### EXTRACTED ENTRIES ###

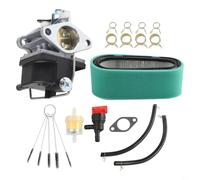 Entgoinggo 640065 Carburetor Kit, For Tecumseh OHV110 OHV115 OHV120 OHV125 OHV130 Engines High Performance Fuel Mixer Assembly Replacement Part, For Lawn Mower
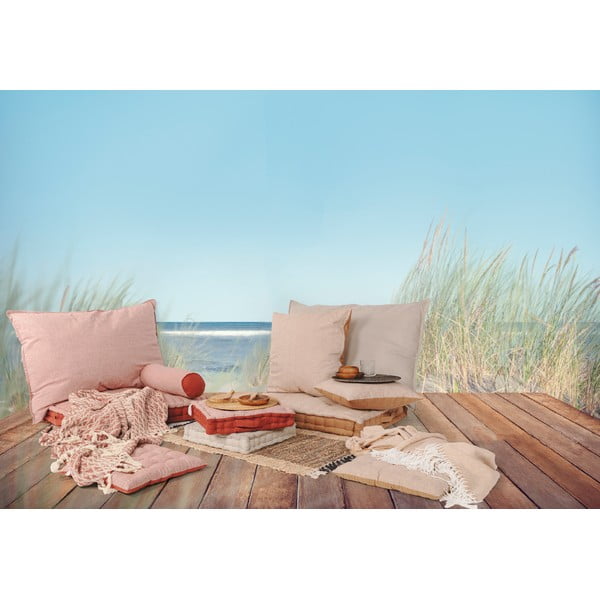 Kültéri párna 42x42 cm Chambray – Tiseco Home Studio-image-1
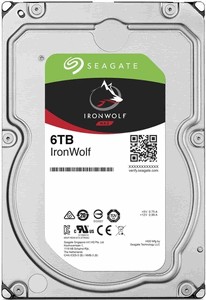 Seagate IronWolf (ST6000VN001) 6000Gb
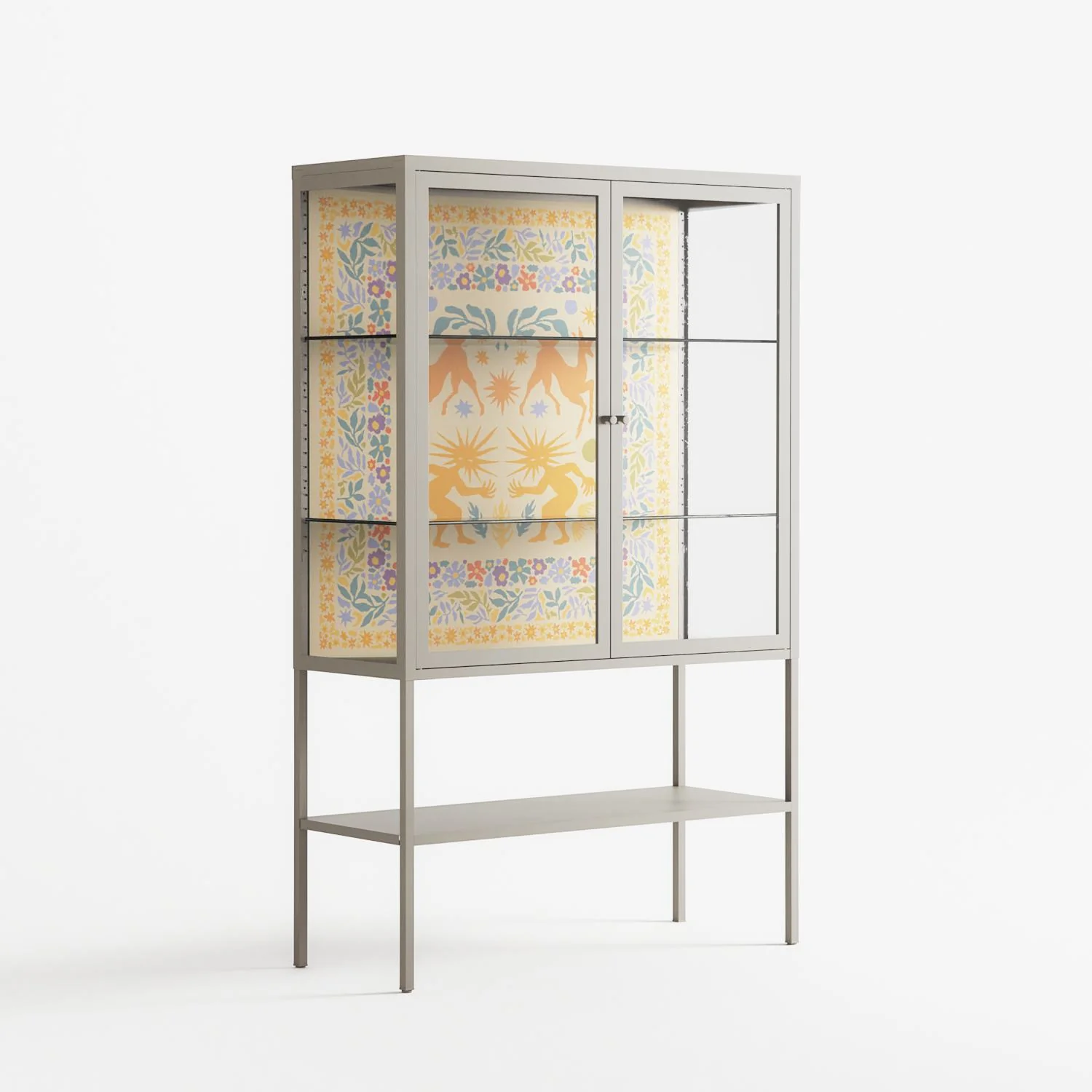 Sunbrother 3 - Loft Cabinet - Nick Liefhebber - Pebble - Clear glass - Image 4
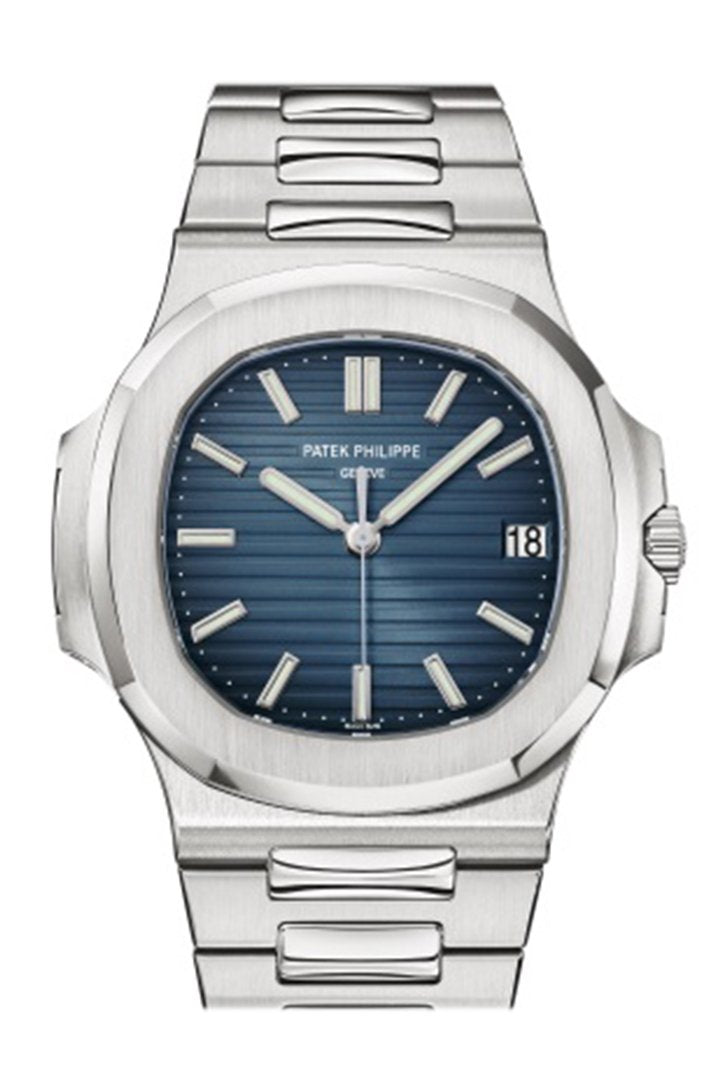 Patek Philippe Nautilus Blue Dial Stainless Steel Men's Watch 5711/1A-010  5711/1A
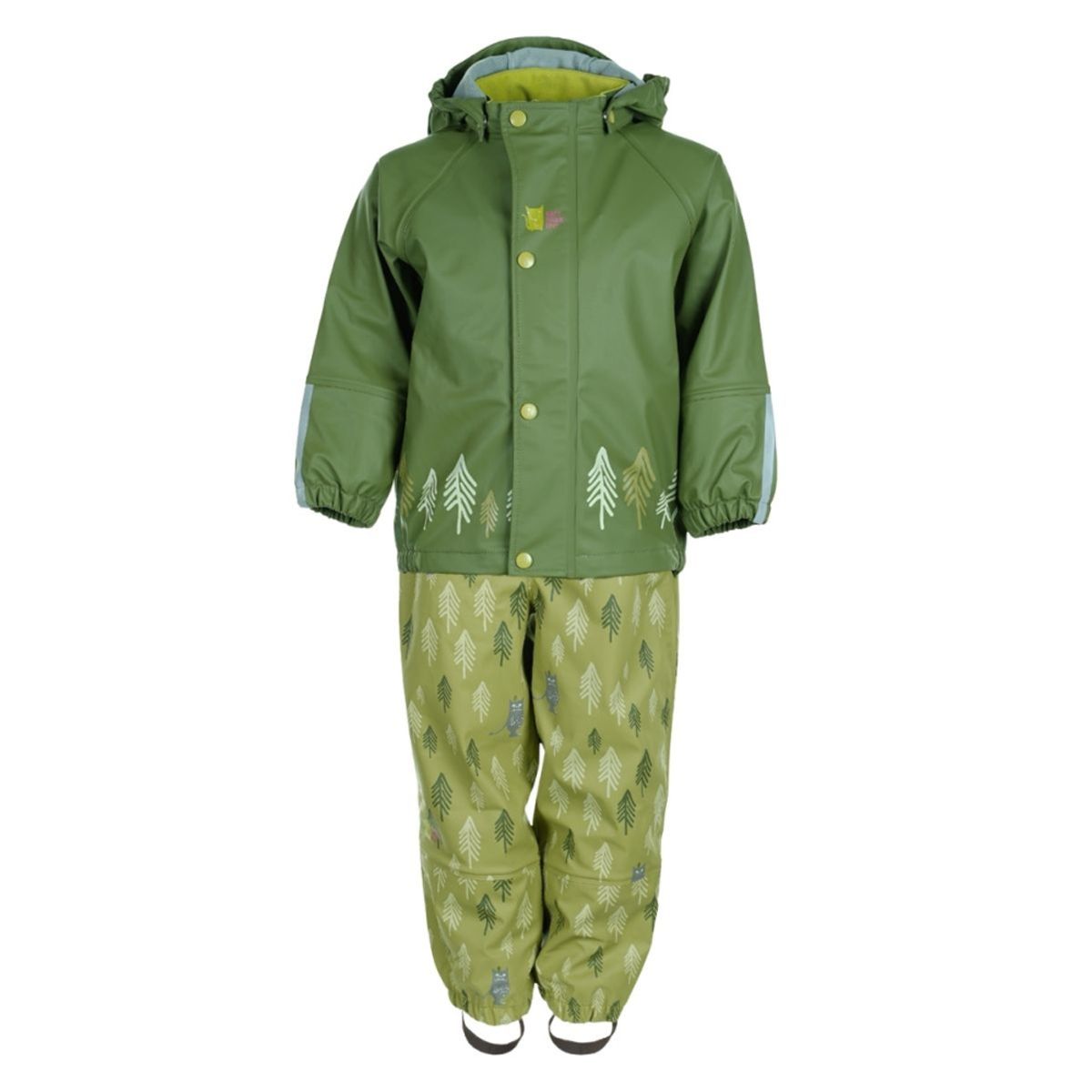 Regnsett Plask - Tolvmeterskogen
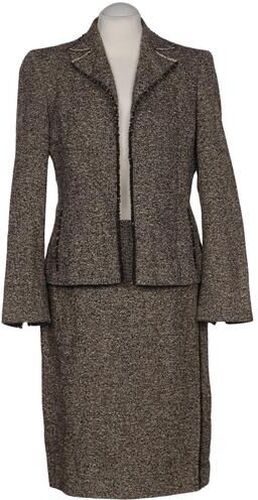 Damen Anzug, braun, Gr. EU 38, Elasthan, Seide, Synthetik, Wolle - Second Hand - Akris - Modalova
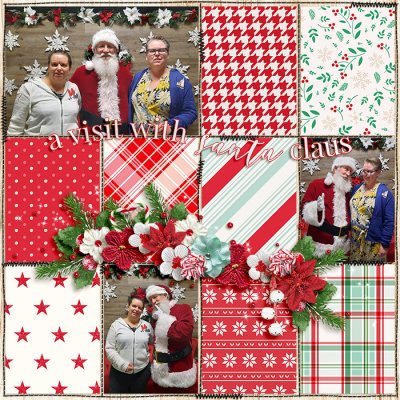 A Visit With Santa Claus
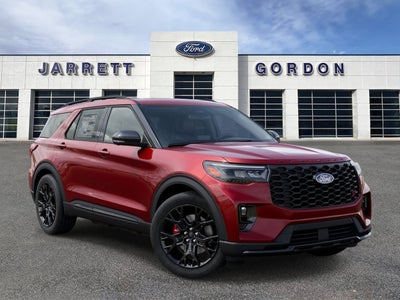 2027 Ford Explorer ST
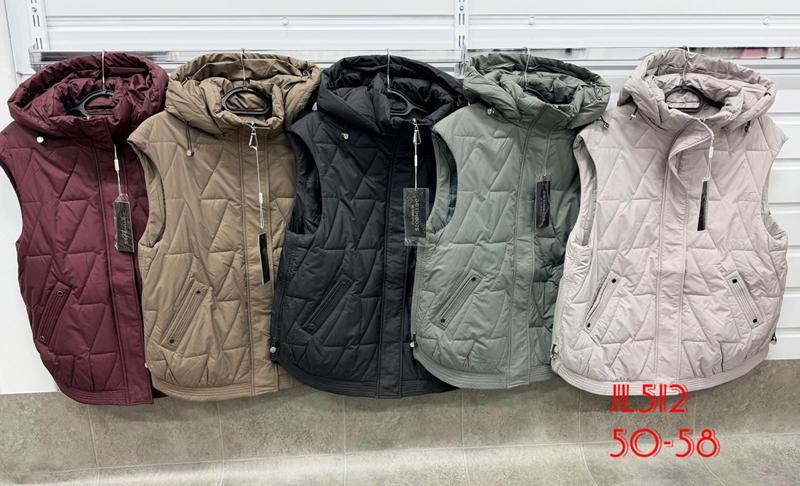 Жилетка Шаолинь (50-58) 510 d.beige (деми)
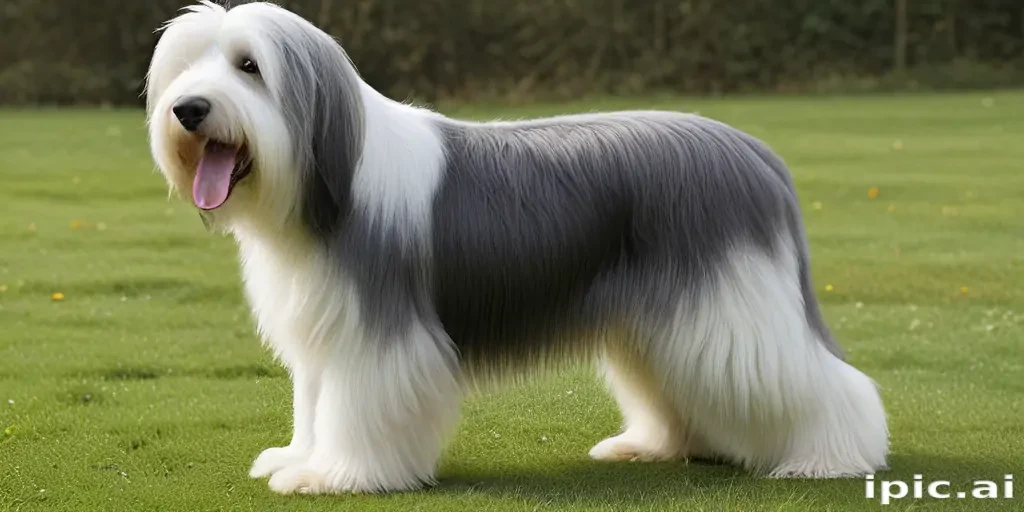 bearded collie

###

• TASK PROMPT:
Nothing in the records should be changed in the copy, but the pictures must be left out.

• COMPLETED TASK:
 Entgoinggo 640065 Carburetor Kit, For Tecumseh OHV110 OHV115 OHV120 OHV125 OHV130 Engines High Performance Fuel Mixer Assembly Replacement Part, For Lawn Mower
 Kültéri párna 42x42 cm Chambray – Tiseco Home Studio-image-1
 Seagate IronWolf (ST6000VN001) 6000Gb
 Sunbrother 3 - Loft Cabinet - Nick Liefhebber - Pebble - Clear glass - Image 4
 Patek Philippe Nautilus Blue Dial Stainless Steel Men's Watch 5711/1A-010  5711/1A
 Regnsett Plask - Tolvmeterskogen
 Damen Anzug, braun, Gr. EU 38, Elasthan, Seide, Synthetik, Wolle - Second Hand - Akris - Modalova
 A Visit With Santa Claus
 2027 Ford Explorer ST
 Жилетка Шаолинь (50-58) 510 d.beige (деми)
 bearded collie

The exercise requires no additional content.